Real life picker Frederick Klass Jr. is heading to the inaugural Highwood Street Market June 26 and 27, bringing the fruits of his labor and sharing a bit about the reality of “picking.” It’s a reality he says is painted in an unfavorable light on television.
“I’ve seen American Pickers and I know how you guys operate,” is a comment Klass, owner of Highwood Market Festival Dealer Industrial Evolution, says he’s encountered more than once since American Pickers began showing on the History Channel. “These guys remind me of the warthog and weasel on Lion King who run around giggling foolishly like they are tricking people. It’s giving the industry a bad reputation.”
The show, Klass says, defines a picker and then makes it real, in effect providing only a slight glimpse of reality.

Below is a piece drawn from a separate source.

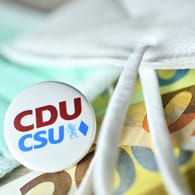 Geld gegen Maskendeal: SPD und Grüne schließen aus, dass auch ihre Abgeordnete in die Maskenaffäre verstrickt sein könnten.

“At the level of knowledge that these guys operate, they would be confined to their state and perhaps a couple of hundred mile radius at the most. In actuality two guys can’t afford to drive around in a $70,000 truck buying $6 oil cans and finding good things that they don’t know the value of,” Klass says “Their profit margin is ridiculously low and their expenses are excessive.”

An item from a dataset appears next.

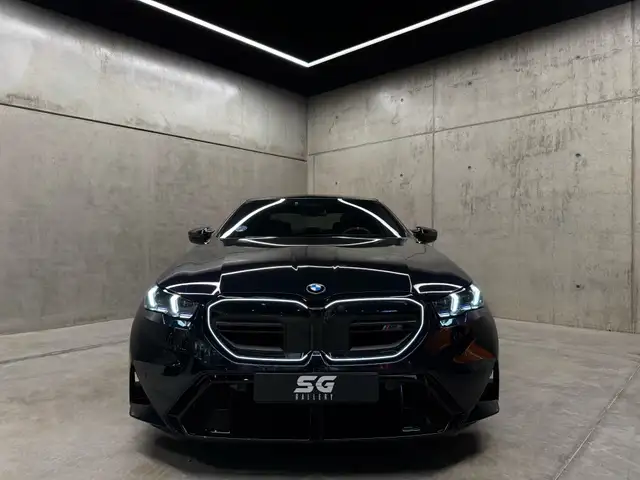 BMW M5 view 3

Klass also has some ethical issues with the show. As he sees it, the cardinal sin is teaming up against a homeowner or estate trustee. “You’re outnumbering them,” he explains “there’s an unwritten rule in the industry against talking and distracting and working as a team against a potential seller.” That’s only the beginning of where the show exits the boundaries of reality, however.
“There’s a certain thing called negligent homicide as well—when you’re going into someone else’s house and offering them money for something, and you don’t know what you are doing and you benefit from it. You can only carry that to the bank so many times before your reputation is going supersede you.”

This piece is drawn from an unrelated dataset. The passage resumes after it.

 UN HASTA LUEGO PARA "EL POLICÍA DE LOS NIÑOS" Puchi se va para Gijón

Moreover, Klass says the knowledge base of the show’s pickers isn’t broad enough or deep enough. They rely on experts reached by phone. While Klass says that does happen in real-world picking, when calls are made in the real-world, they often end in a transaction.
“When I call someone for an appraisal, that’s a favor. I have to be ready to return that favor and do so by offering it to the appraiser,” Klass says. “If you call me for an appraisal and don’t give me a chance to buy it, please don’t call me again.”
While the real work of a picker does sometimes involve large profits—Klass says he recently purchased a carved bakelite pin for $5, a pin he sold to a dealer for $400— it also involves substantial expenses. Moreover, as this example demonstrates, more than half of his sales are wholesale. Klass, whose specialty is industrial furniture, says he wouldn’t bring the pin to a show where he might fetch twice that amount because it’s not his specialty and a buyer wouldn’t be as trusting of a dealer carrying one pin.
Klass says more realistic depictions on television are found in Pawn Stars, also on the History Channel, and PBS’s The Antiques Road Show. In regards to Pawn Stars he says “those guys are a little bit nice compared to the pawn brokers I have known,” and as for the Antiques Road Show, Klass complimented the honest nature, but added it sometimes gives the impression most antiques are very valuable. The average value of items brought to one show was estimated to be at only about $14, he says.
Where’s a good place to pick? We asked Klass. Most pickers he says visit shops and malls as well as private homes. Retail markets like Randolph Street Market and Highwood Street Market, he says, are also a good bet.
“I find deals everywhere I go. My goal at a show is to pick my booth rent in profit,” Klass says. “If I can sell it while I am at the show then I am really happy.”
The views expressed in this story are those of Frederick Klass Jr. and not necessarily the show promoters or their employees.